━━ Material to process ━━
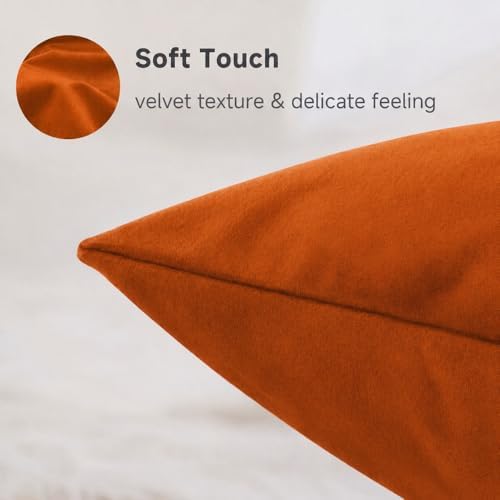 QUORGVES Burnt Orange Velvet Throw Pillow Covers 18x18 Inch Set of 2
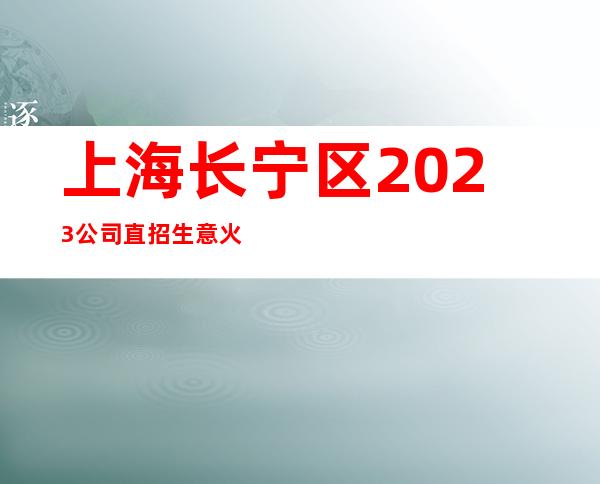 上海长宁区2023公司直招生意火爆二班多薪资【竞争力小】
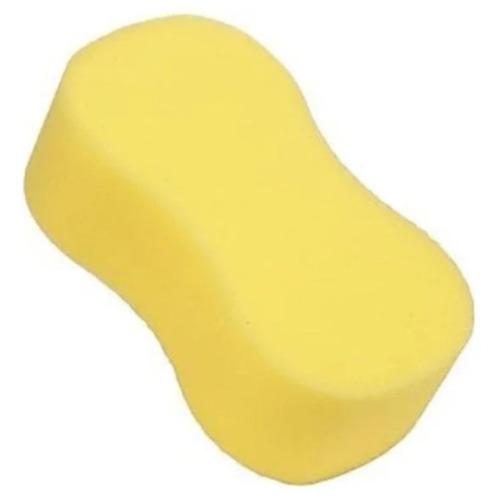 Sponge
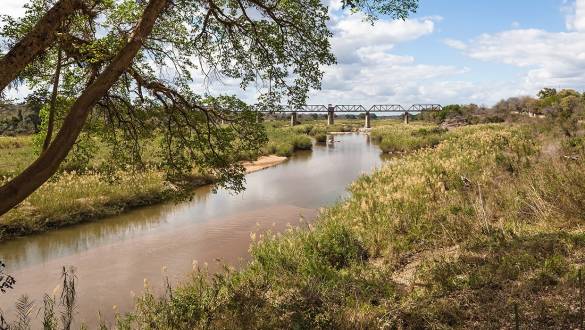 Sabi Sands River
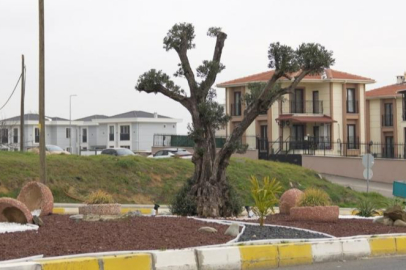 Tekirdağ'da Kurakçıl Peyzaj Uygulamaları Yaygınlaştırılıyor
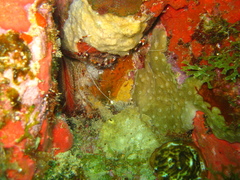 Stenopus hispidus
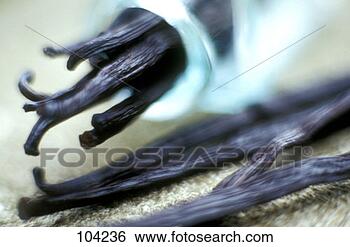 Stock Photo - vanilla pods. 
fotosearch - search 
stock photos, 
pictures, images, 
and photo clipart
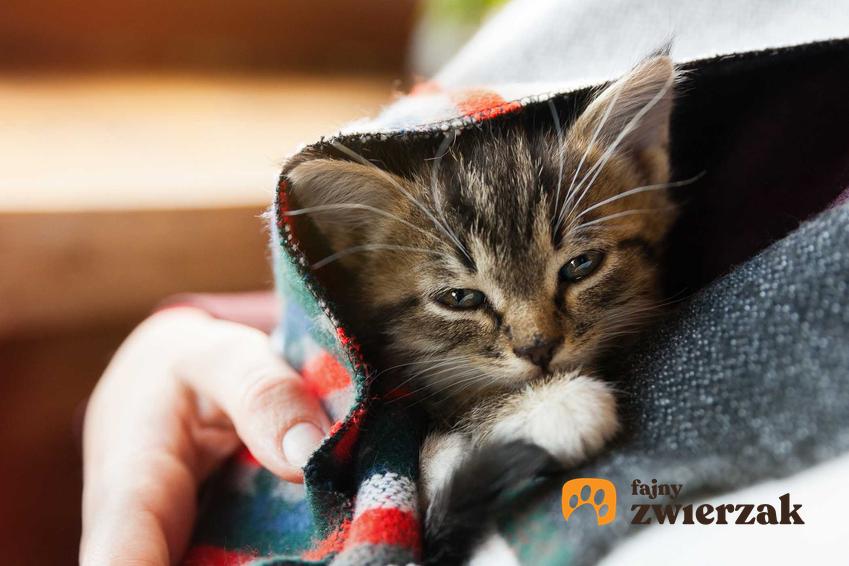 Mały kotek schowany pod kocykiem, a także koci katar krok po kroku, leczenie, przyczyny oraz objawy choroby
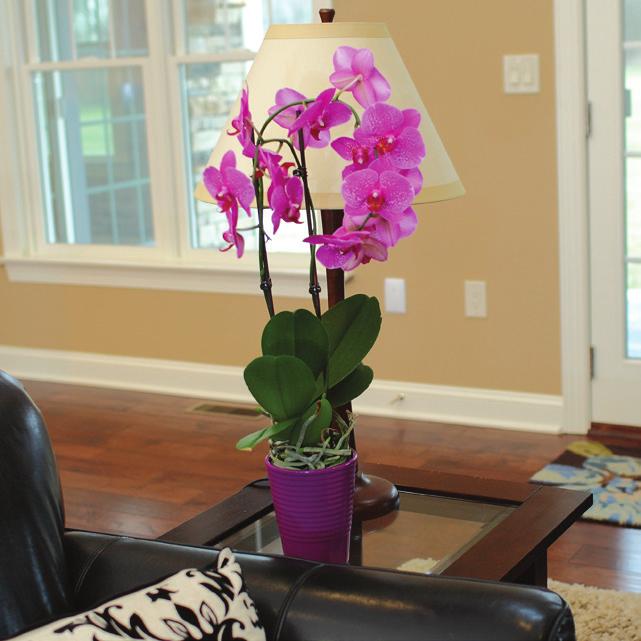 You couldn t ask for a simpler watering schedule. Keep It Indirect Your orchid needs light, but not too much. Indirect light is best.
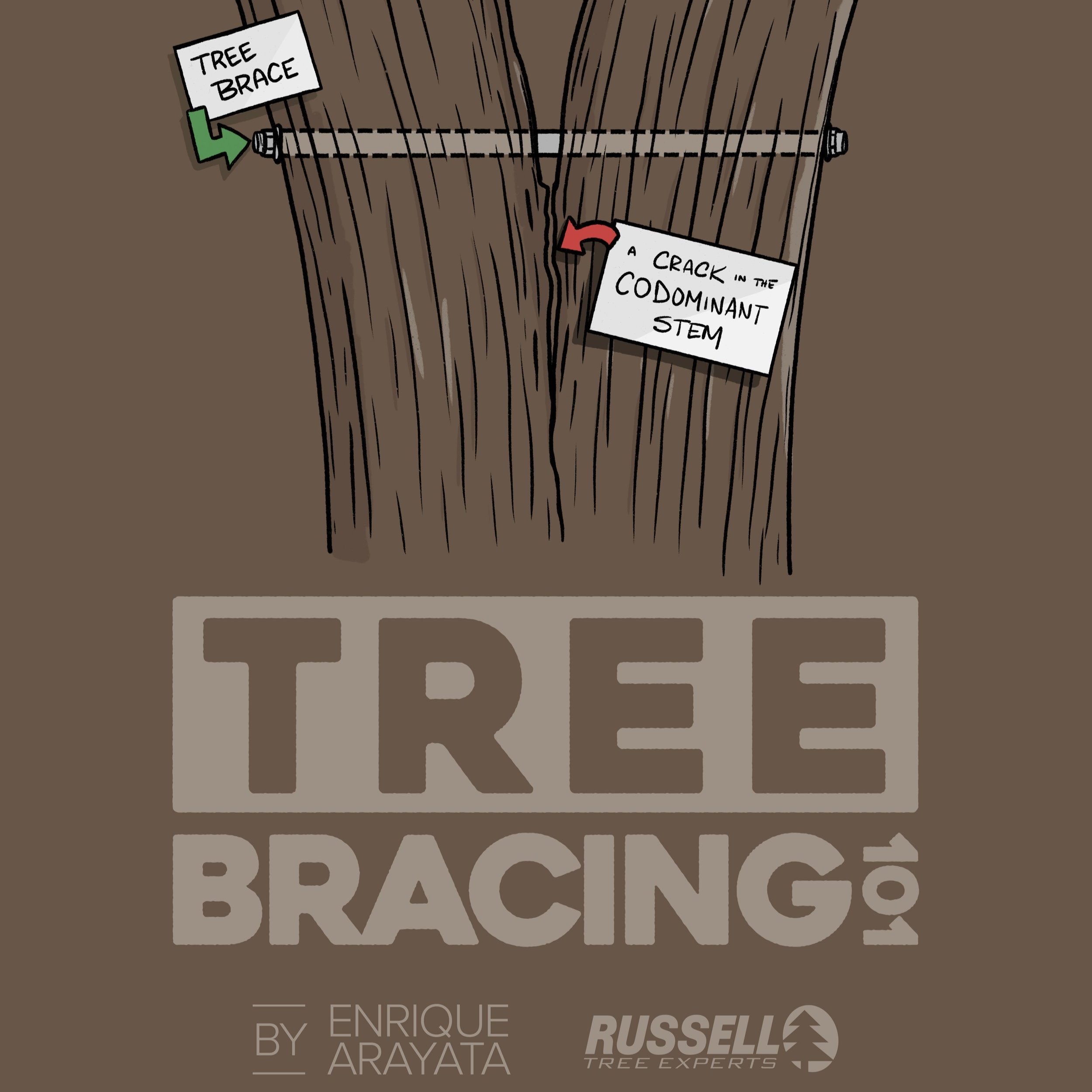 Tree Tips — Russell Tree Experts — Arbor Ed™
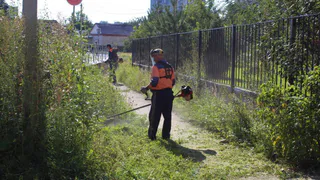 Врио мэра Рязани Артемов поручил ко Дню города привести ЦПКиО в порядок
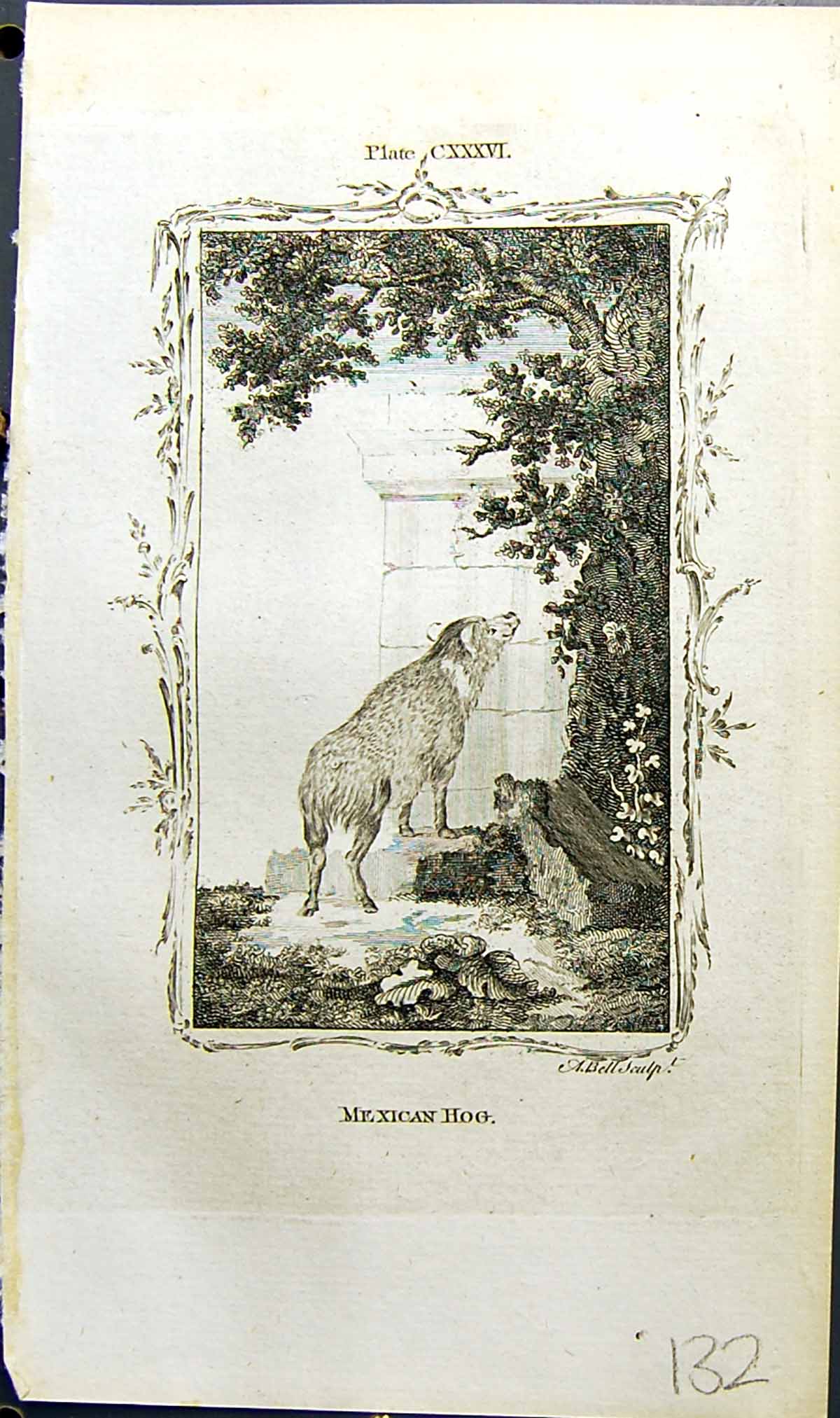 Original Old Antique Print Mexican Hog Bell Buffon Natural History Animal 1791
━━━
== Work required ==
All text in the material above must be written out exactly; the images are to be skipped.

== Answer to the problem ==
 QUORGVES Burnt Orange Velvet Throw Pillow Covers 18x18 Inch Set of 2
 上海长宁区2023公司直招生意火爆二班多薪资【竞争力小】
 Sponge
 Sabi Sands River
 Tekirdağ'da Kurakçıl Peyzaj Uygulamaları Yaygınlaştırılıyor
 Stenopus hispidus
 Stock Photo - vanilla pods. 
fotosearch - search 
stock photos, 
pictures, images, 
and photo clipart
 Mały kotek schowany pod kocykiem, a także koci katar krok po kroku, leczenie, przyczyny oraz objawy choroby
 You couldn t ask for a simpler watering schedule. Keep It Indirect Your orchid needs light, but not too much. Indirect light is best.
 Tree Tips — Russell Tree Experts — Arbor Ed™
 Врио мэра Рязани Артемов поручил ко Дню города привести ЦПКиО в порядок
 Original Old Antique Print Mexican Hog Bell Buffon Natural History Animal 1791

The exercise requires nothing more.